▶

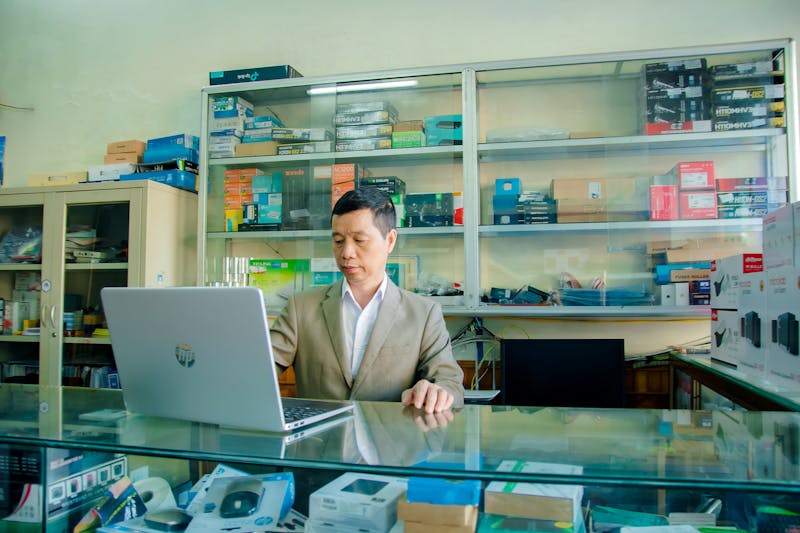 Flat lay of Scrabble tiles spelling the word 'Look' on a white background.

◀
▶

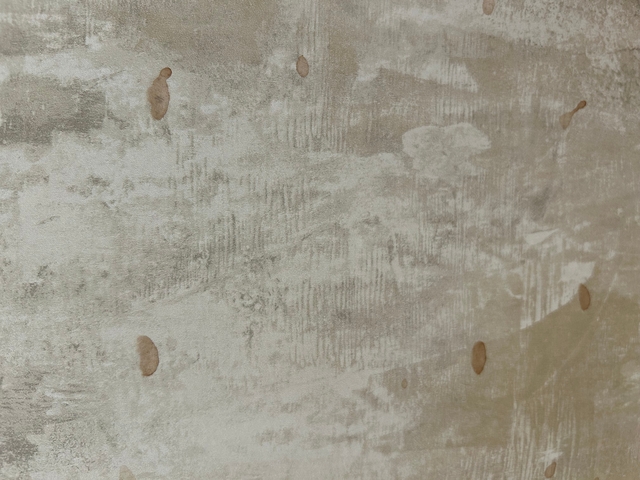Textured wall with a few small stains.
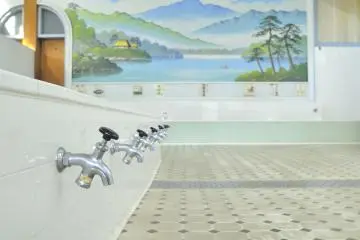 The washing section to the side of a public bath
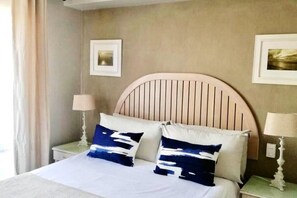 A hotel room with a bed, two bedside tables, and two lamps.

◀
▶

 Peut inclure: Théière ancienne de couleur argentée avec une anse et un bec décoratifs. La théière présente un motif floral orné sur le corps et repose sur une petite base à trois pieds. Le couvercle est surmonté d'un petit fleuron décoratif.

◀

## WHAT THE EXERCISE ASKS
From the records above, copy only the lines running from the line holding "Textured wall with a few small stains." through the line holding "A hotel room", with no pictures.

## WRITTEN RESPONSE
Textured wall with a few small stains.
 The washing section to the side of a public bath
 A hotel room with a bed, two bedside tables, and two lamps.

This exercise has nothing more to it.